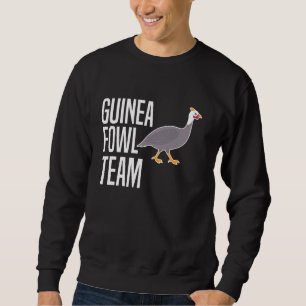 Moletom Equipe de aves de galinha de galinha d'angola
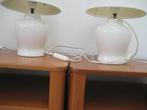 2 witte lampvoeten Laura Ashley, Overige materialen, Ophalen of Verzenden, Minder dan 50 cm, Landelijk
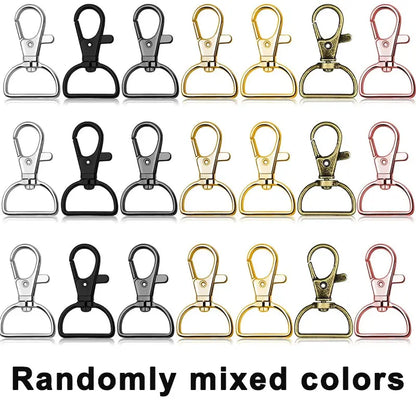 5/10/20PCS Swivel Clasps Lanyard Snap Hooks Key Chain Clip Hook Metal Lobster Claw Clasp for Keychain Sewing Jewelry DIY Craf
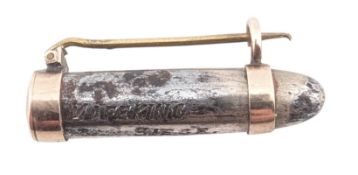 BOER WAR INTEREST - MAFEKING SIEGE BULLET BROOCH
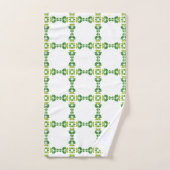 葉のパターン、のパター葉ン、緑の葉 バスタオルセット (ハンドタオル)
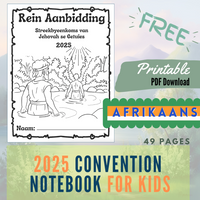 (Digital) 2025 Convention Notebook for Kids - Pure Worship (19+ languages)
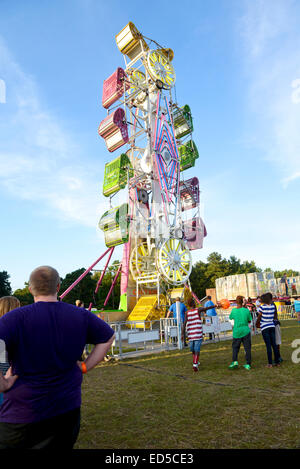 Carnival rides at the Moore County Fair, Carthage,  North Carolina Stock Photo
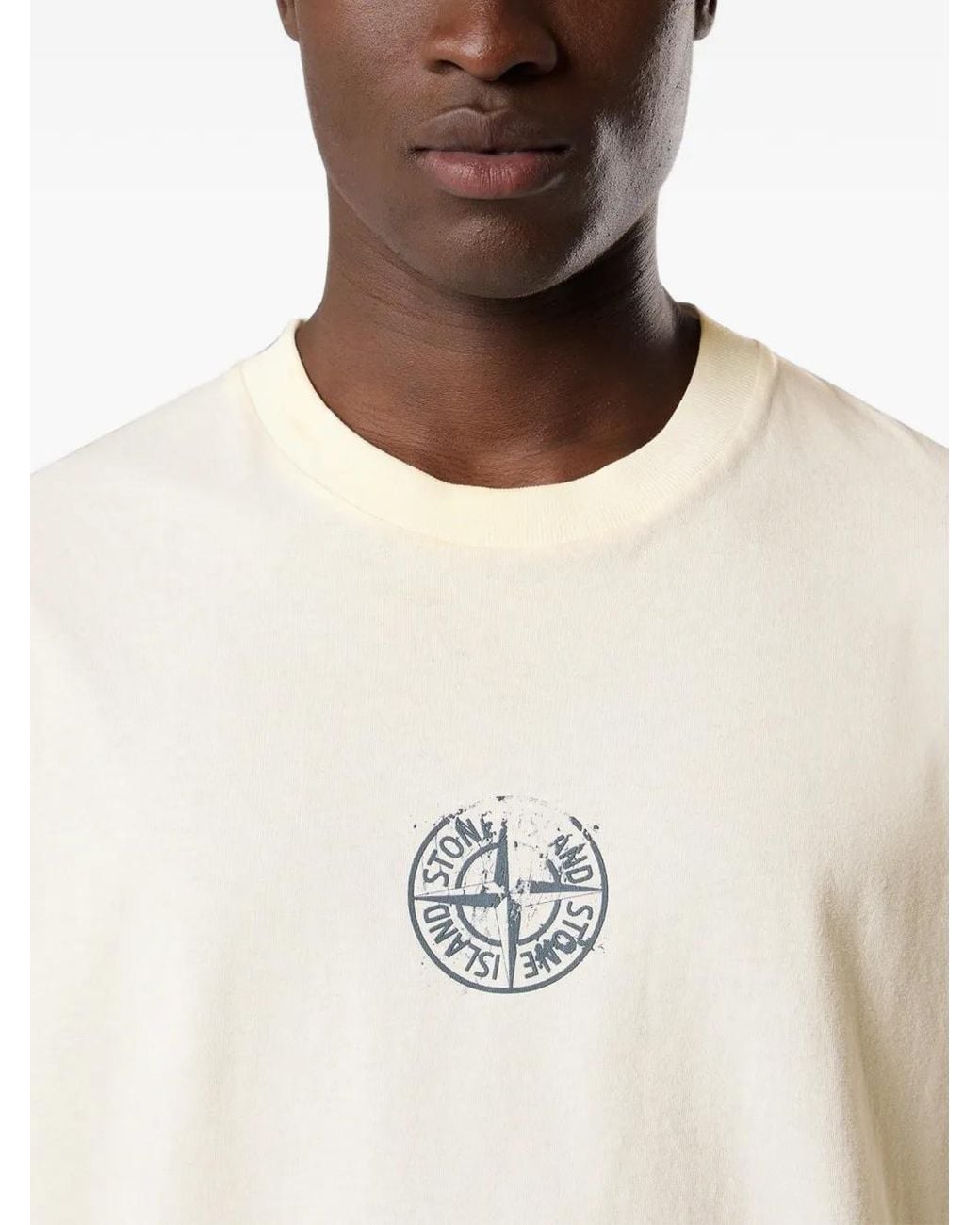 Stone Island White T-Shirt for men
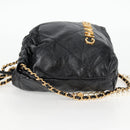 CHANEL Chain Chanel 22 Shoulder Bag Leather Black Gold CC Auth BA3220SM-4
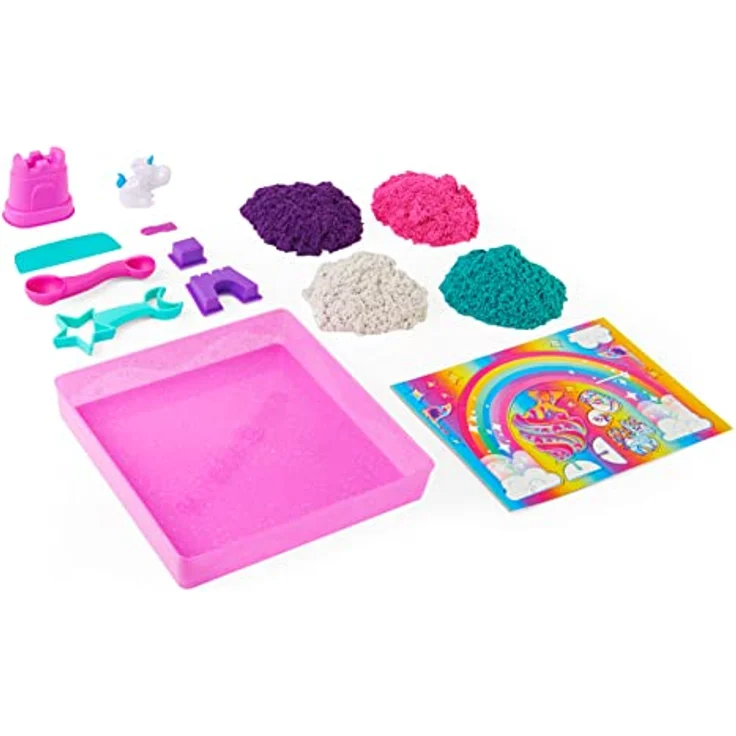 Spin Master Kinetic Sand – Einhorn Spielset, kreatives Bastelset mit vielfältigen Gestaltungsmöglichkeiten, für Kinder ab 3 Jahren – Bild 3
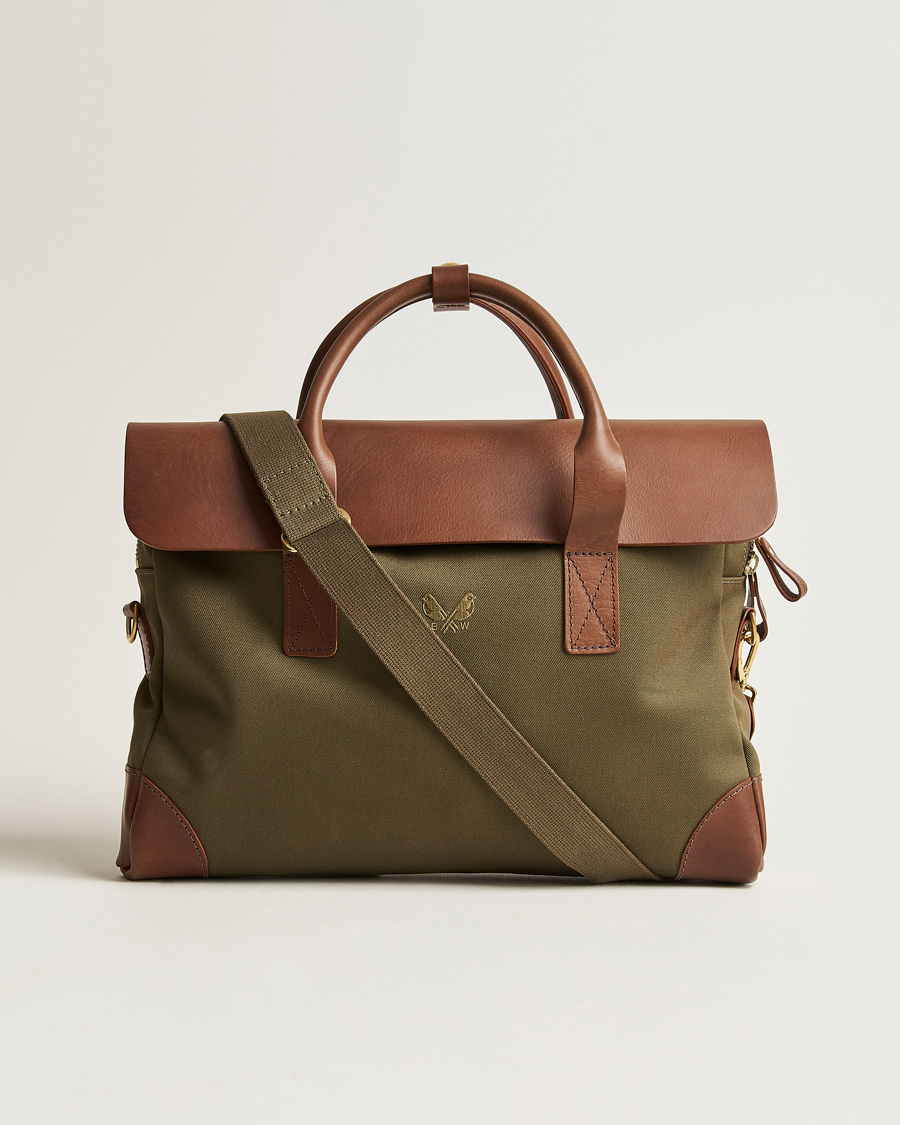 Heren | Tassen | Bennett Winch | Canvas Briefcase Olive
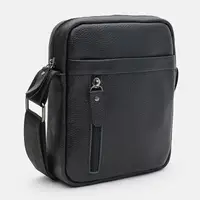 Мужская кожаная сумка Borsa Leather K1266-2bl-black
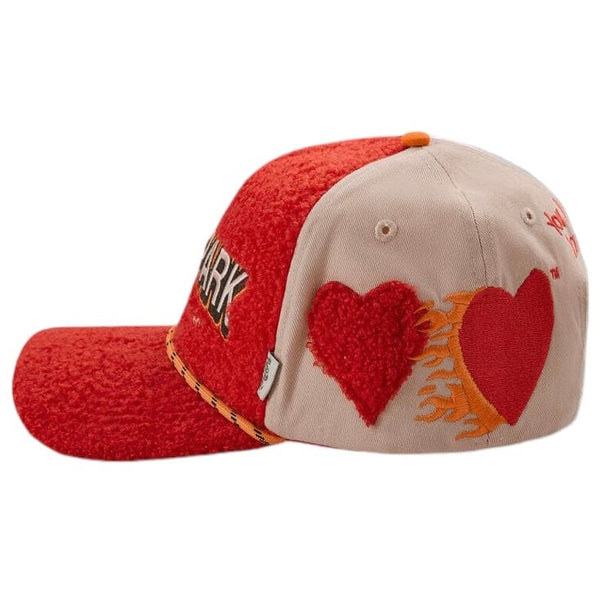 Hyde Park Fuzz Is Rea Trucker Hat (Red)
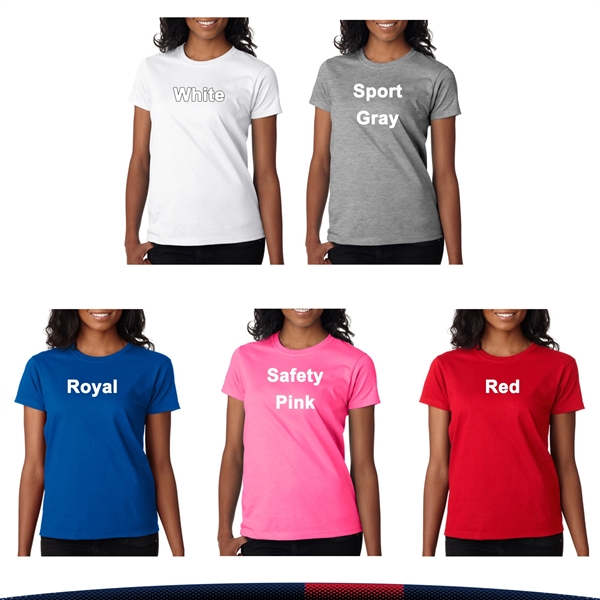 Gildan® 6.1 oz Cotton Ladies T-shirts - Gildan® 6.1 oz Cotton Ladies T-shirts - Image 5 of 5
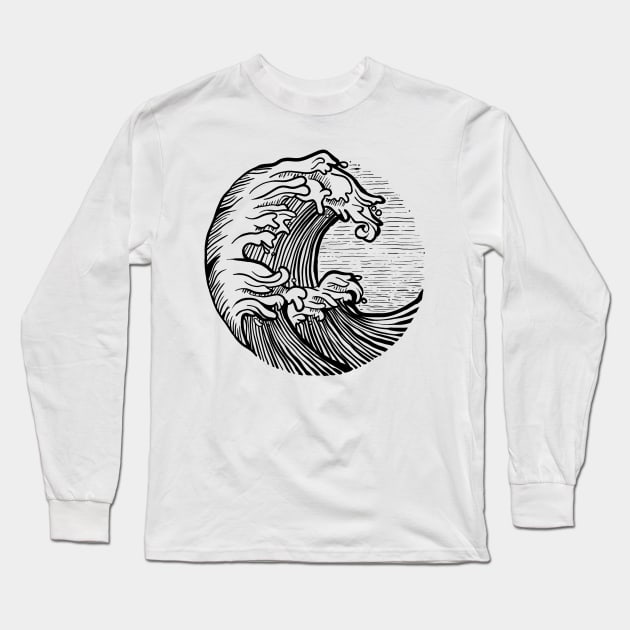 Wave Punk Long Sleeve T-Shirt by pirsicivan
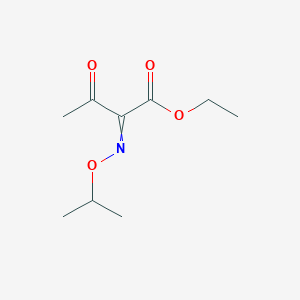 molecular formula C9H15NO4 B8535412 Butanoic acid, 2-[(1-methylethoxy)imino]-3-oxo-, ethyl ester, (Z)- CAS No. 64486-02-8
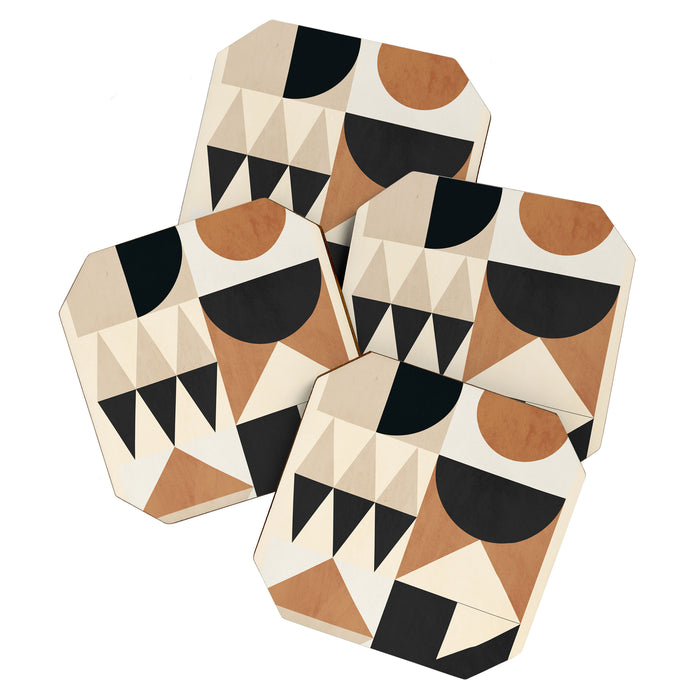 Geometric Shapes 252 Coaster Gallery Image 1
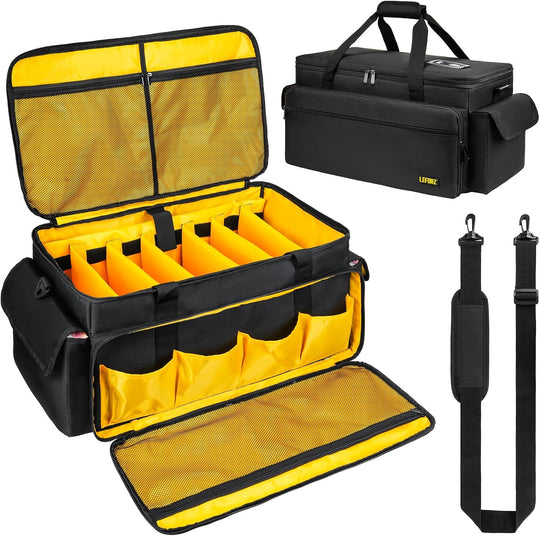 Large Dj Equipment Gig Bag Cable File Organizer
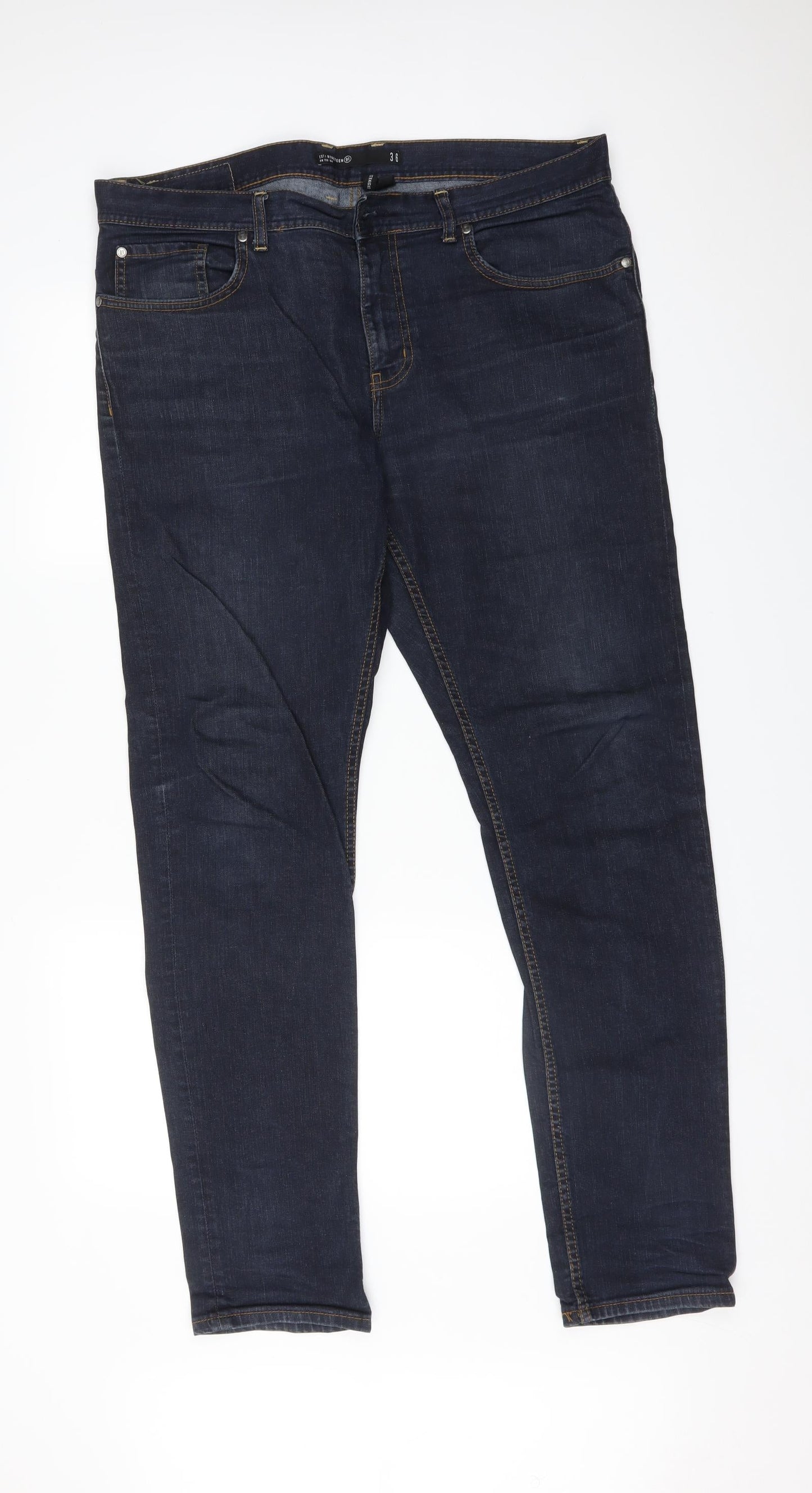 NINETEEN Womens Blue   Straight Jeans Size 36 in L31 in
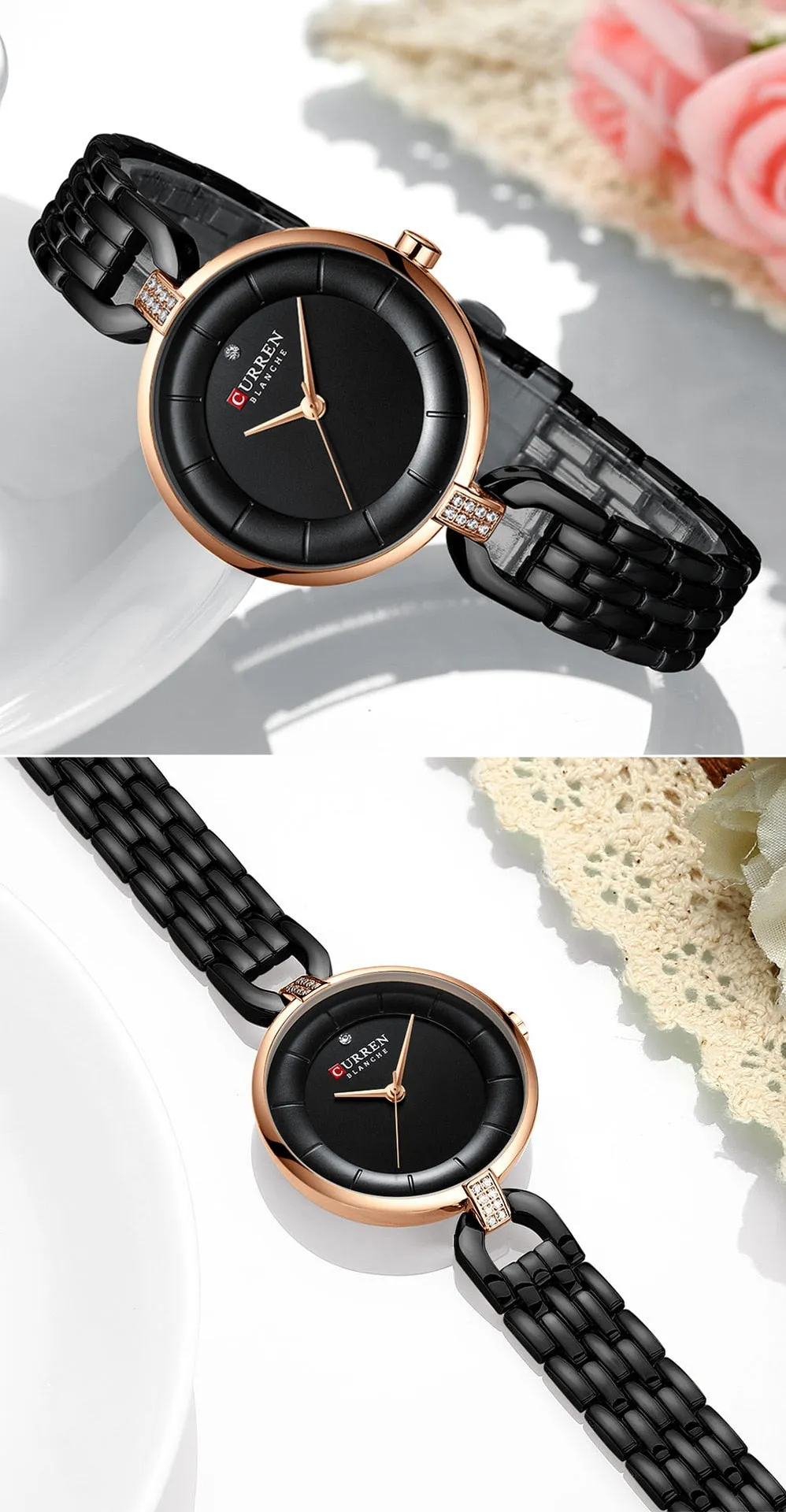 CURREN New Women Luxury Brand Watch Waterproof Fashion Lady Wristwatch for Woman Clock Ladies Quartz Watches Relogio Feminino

What you are asked to do
When you reach the line that contains "Wave Punk Long Sleeve T-Shirt by pirsicivan", start copying the listing word for word and stop only after its last line, without any pictures.

Response to this task
 Wave Punk Long Sleeve T-Shirt by pirsicivan
 molecular formula C9H15NO4 B8535412 Butanoic acid, 2-[(1-methylethoxy)imino]-3-oxo-, ethyl ester, (Z)- CAS No. 64486-02-8
 Geometric Shapes 252 Coaster Gallery Image 1
 Large Dj Equipment Gig Bag Cable File Organizer
 NINETEEN Womens Blue   Straight Jeans Size 36 in L31 in
 CURREN New Women Luxury Brand Watch Waterproof Fashion Lady Wristwatch for Woman Clock Ladies Quartz Watches Relogio Feminino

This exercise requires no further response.